Task objective — Every entry below should be returned exactly as it appears, with pictures left out.

Records for the task —
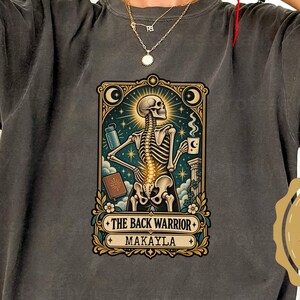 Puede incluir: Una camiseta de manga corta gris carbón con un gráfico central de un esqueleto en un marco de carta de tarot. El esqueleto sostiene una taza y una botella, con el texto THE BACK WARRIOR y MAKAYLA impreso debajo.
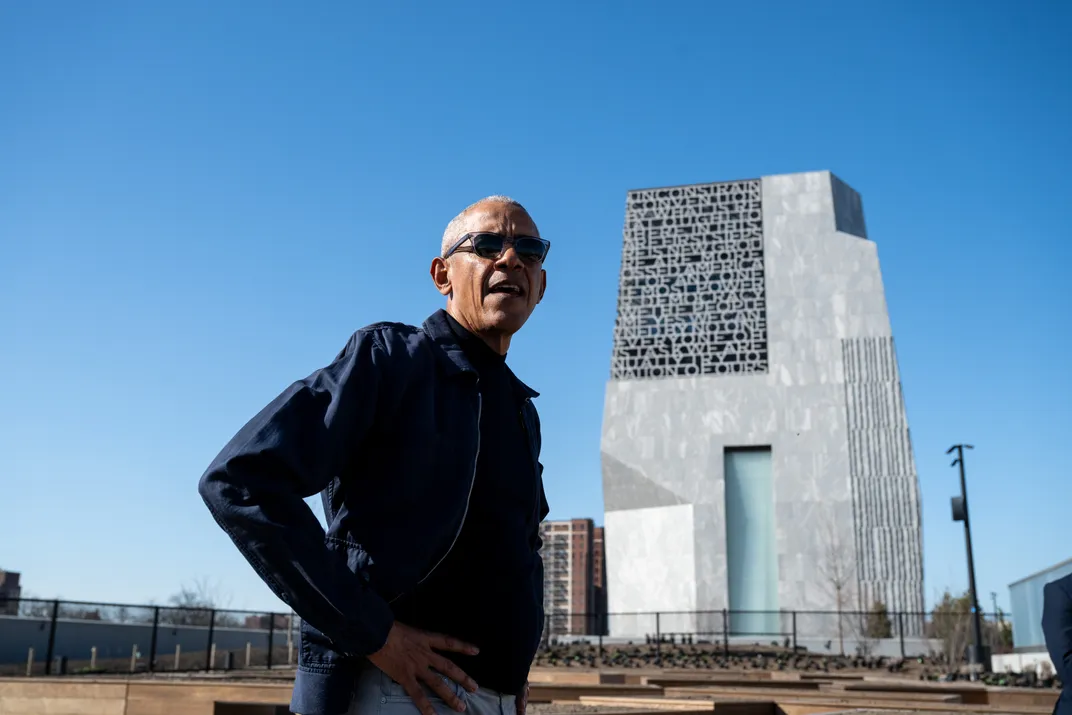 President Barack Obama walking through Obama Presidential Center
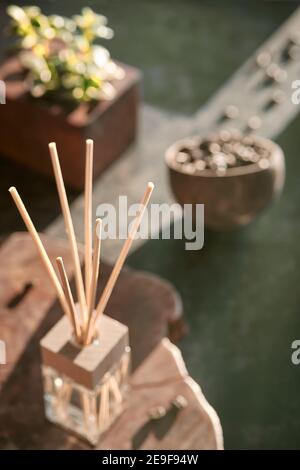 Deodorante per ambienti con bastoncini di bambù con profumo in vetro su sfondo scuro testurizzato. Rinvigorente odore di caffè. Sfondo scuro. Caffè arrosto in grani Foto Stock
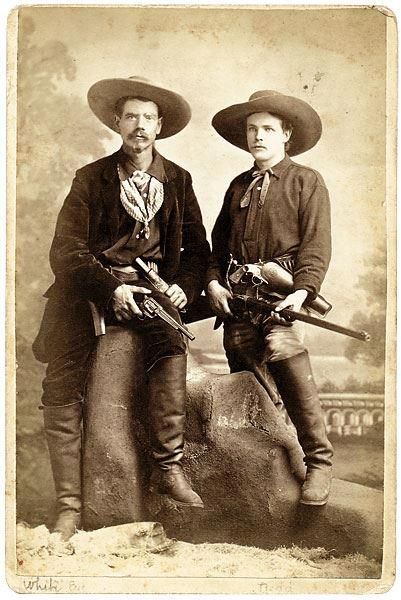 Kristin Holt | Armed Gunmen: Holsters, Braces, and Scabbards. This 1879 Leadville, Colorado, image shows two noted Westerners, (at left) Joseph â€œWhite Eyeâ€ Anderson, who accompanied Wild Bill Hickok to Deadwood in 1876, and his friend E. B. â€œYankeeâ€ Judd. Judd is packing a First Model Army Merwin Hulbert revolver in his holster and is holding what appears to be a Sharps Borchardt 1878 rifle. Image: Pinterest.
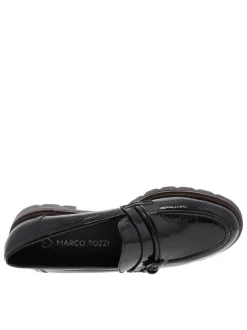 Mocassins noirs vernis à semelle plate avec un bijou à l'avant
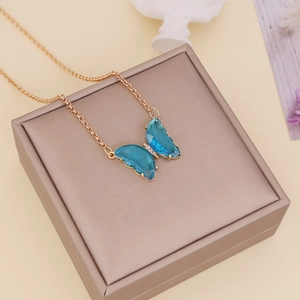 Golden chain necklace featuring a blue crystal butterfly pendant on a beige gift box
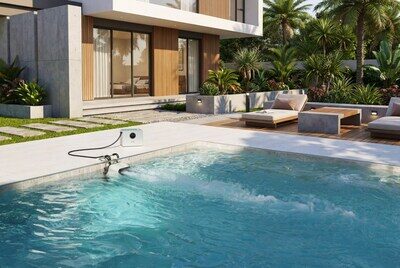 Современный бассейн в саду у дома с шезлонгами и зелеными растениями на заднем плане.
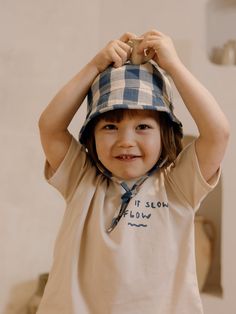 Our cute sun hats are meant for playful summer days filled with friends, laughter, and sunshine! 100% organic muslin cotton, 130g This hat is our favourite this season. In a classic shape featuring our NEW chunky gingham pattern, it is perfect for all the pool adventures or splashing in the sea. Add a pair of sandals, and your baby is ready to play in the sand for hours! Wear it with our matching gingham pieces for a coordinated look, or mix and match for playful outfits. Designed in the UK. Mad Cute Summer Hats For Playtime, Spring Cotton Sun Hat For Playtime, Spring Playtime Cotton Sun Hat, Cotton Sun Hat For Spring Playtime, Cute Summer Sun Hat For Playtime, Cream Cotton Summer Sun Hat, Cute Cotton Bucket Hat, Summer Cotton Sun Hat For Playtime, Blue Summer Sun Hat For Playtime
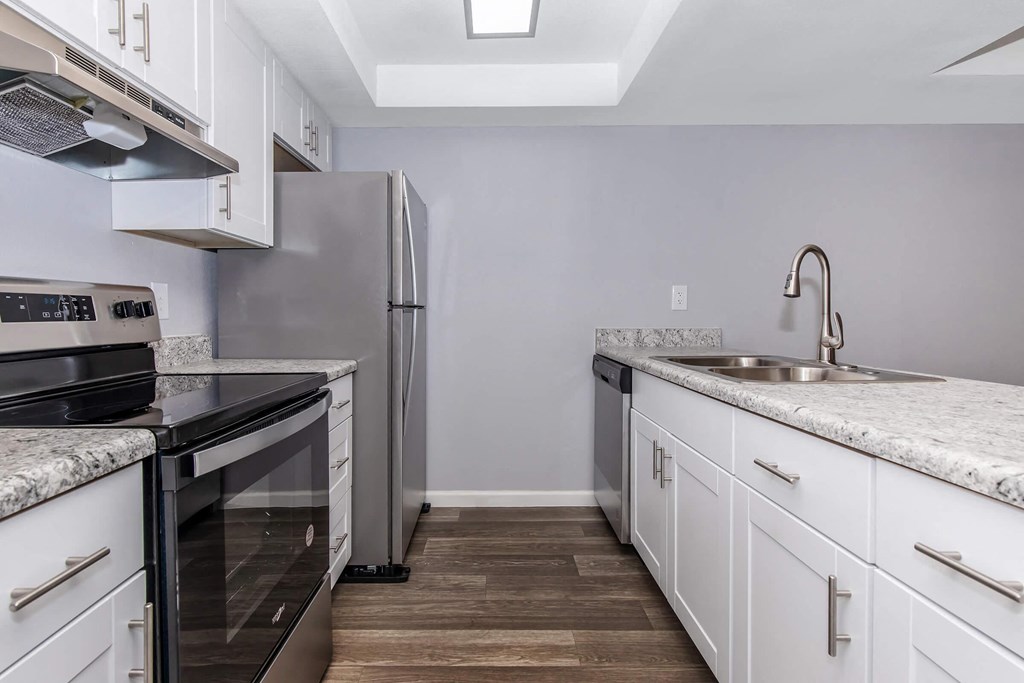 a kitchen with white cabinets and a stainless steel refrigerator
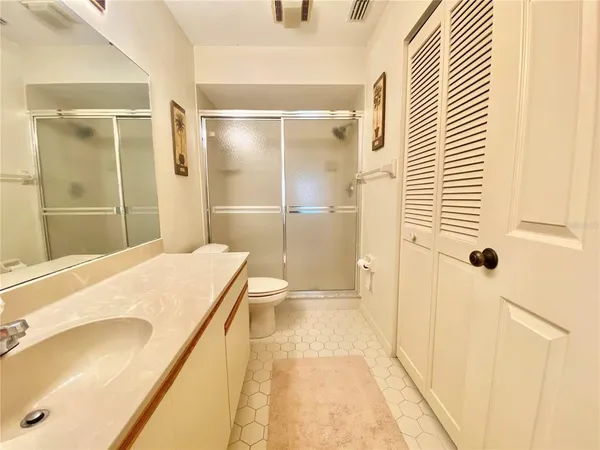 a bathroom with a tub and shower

Result of this exercise —
 Puede incluir: Una camiseta de manga corta gris carbón con un gráfico central de un esqueleto en un marco de carta de tarot. El esqueleto sostiene una taza y una botella, con el texto THE BACK WARRIOR y MAKAYLA impreso debajo.
 President Barack Obama walking through Obama Presidential Center
 Deodorante per ambienti con bastoncini di bambù con profumo in vetro su sfondo scuro testurizzato. Rinvigorente odore di caffè. Sfondo scuro. Caffè arrosto in grani Foto Stock
 Kristin Holt | Armed Gunmen: Holsters, Braces, and Scabbards. This 1879 Leadville, Colorado, image shows two noted Westerners, (at left) Joseph â€œWhite Eyeâ€ Anderson, who accompanied Wild Bill Hickok to Deadwood in 1876, and his friend E. B. â€œYankeeâ€ Judd. Judd is packing a First Model Army Merwin Hulbert revolver in his holster and is holding what appears to be a Sharps Borchardt 1878 rifle. Image: Pinterest.
 Mocassins noirs vernis à semelle plate avec un bijou à l'avant
 Golden chain necklace featuring a blue crystal butterfly pendant on a beige gift box
 Современный бассейн в саду у дома с шезлонгами и зелеными растениями на заднем плане.
 Our cute sun hats are meant for playful summer days filled with friends, laughter, and sunshine! 100% organic muslin cotton, 130g This hat is our favourite this season. In a classic shape featuring our NEW chunky gingham pattern, it is perfect for all the pool adventures or splashing in the sea. Add a pair of sandals, and your baby is ready to play in the sand for hours! Wear it with our matching gingham pieces for a coordinated look, or mix and match for playful outfits. Designed in the UK. Mad Cute Summer Hats For Playtime, Spring Cotton Sun Hat For Playtime, Spring Playtime Cotton Sun Hat, Cotton Sun Hat For Spring Playtime, Cute Summer Sun Hat For Playtime, Cream Cotton Summer Sun Hat, Cute Cotton Bucket Hat, Summer Cotton Sun Hat For Playtime, Blue Summer Sun Hat For Playtime
 a kitchen with white cabinets and a stainless steel refrigerator
 a bathroom with a tub and shower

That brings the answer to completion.